§ AIM OF THE EXERCISE
Return the stretch from the line with "Zen Three Function" through the line with "925 Sterling Silver" in the data below, character for character, skipping all pictures.

§ RECORD EXTRACTS
__________________________________________________
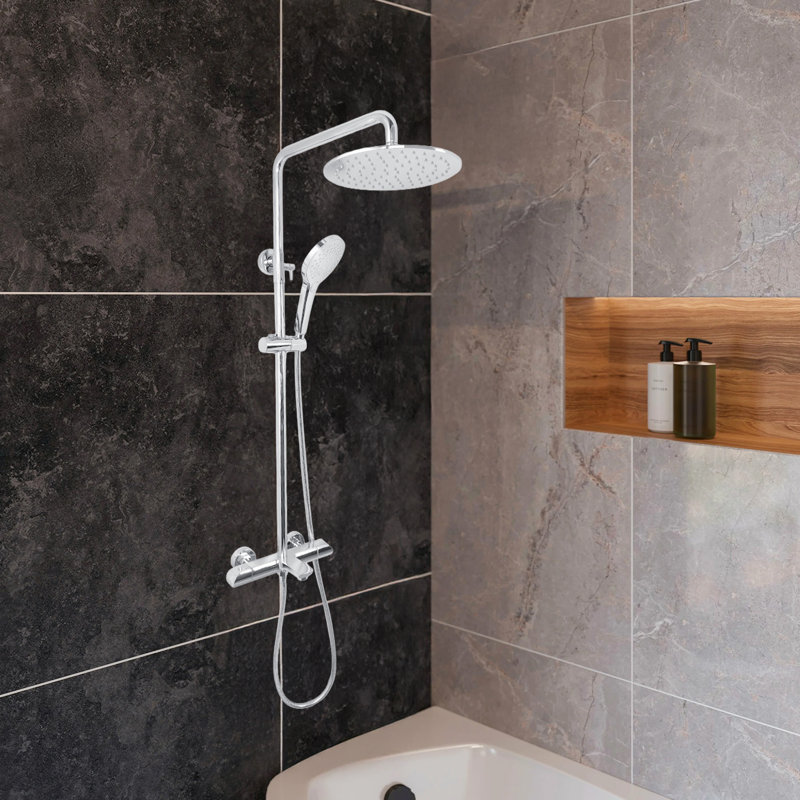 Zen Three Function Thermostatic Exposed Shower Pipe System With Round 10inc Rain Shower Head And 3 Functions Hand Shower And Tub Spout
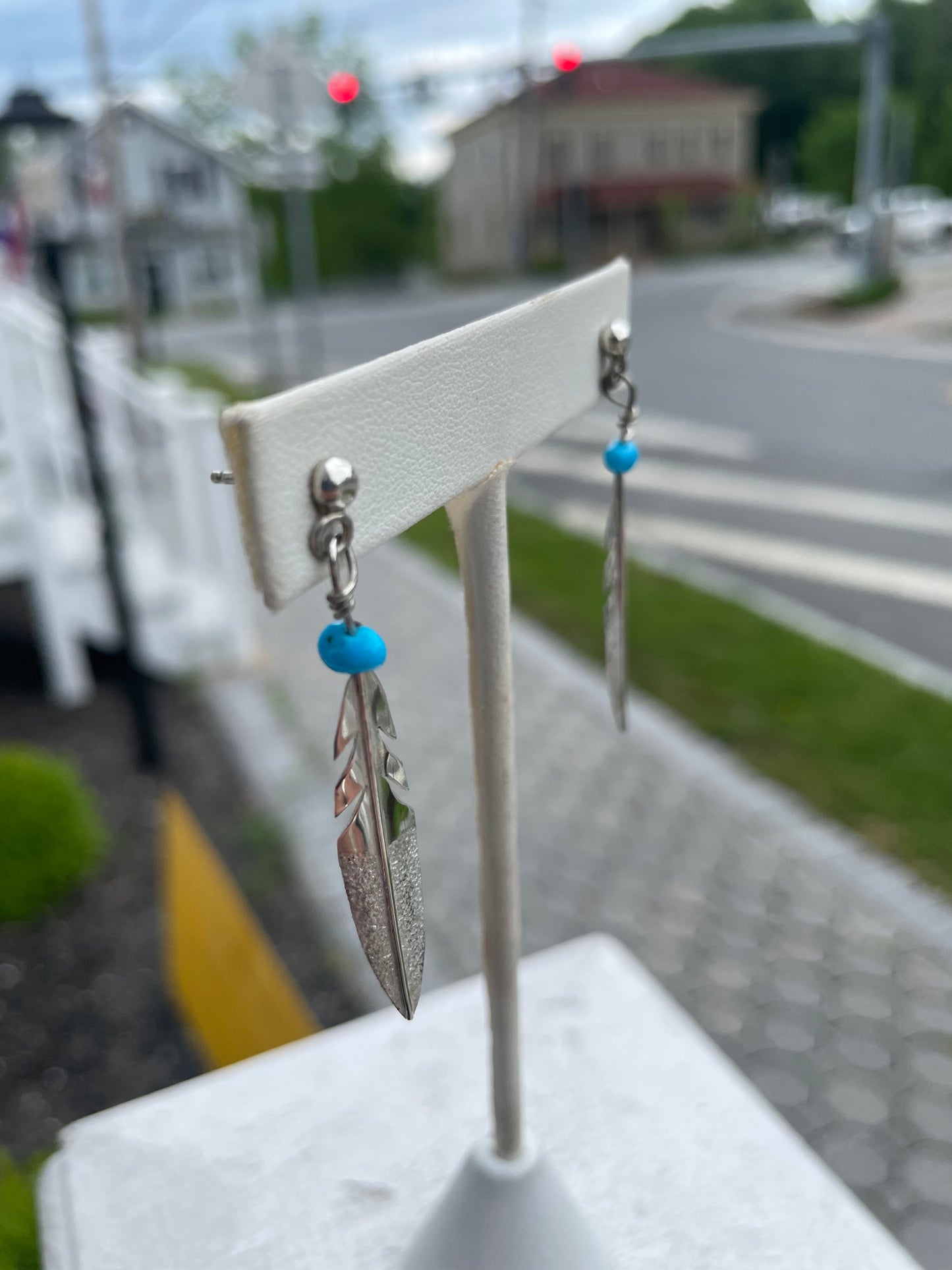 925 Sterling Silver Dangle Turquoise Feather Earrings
__________________________________________________
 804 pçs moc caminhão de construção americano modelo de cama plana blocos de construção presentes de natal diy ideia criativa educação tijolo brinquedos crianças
__________________________________________________
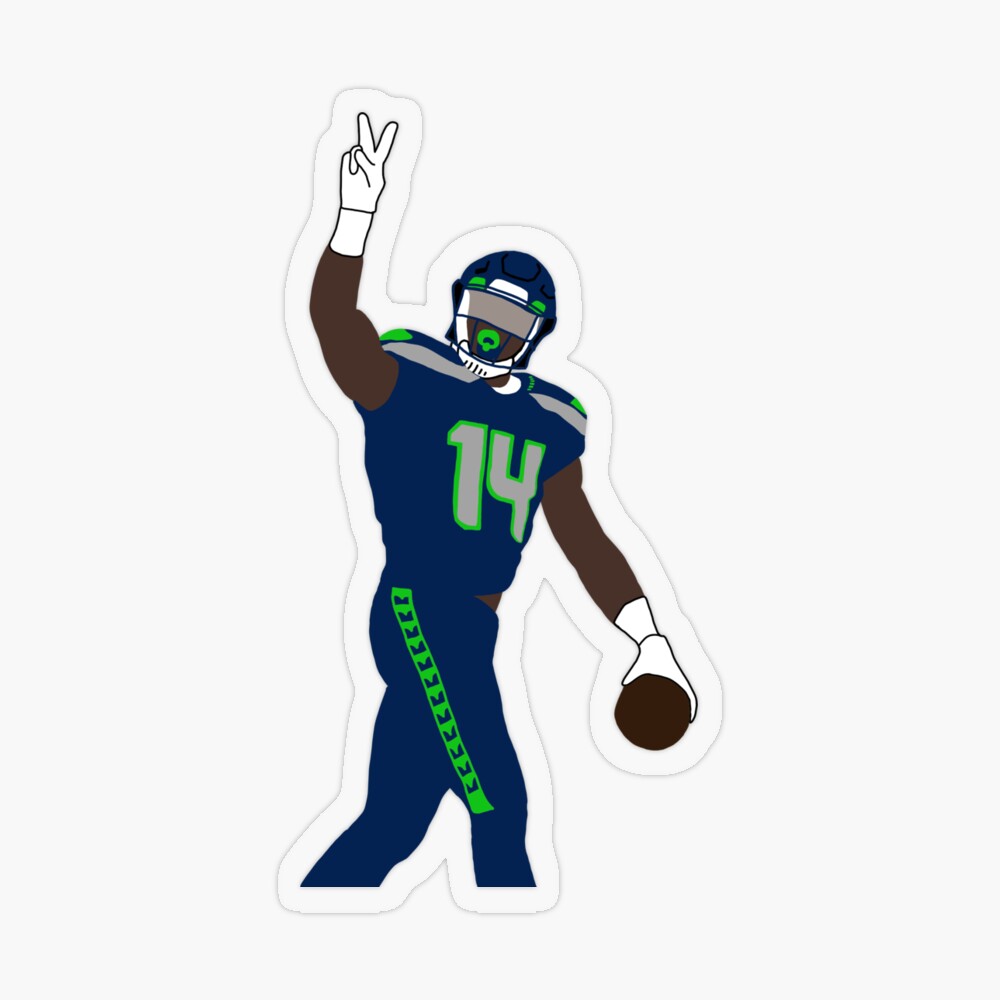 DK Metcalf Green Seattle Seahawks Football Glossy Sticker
__________________________________________________
§ EXERCISE RESPONSE
 Zen Three Function Thermostatic Exposed Shower Pipe System With Round 10inc Rain Shower Head And 3 Functions Hand Shower And Tub Spout
 925 Sterling Silver Dangle Turquoise Feather Earrings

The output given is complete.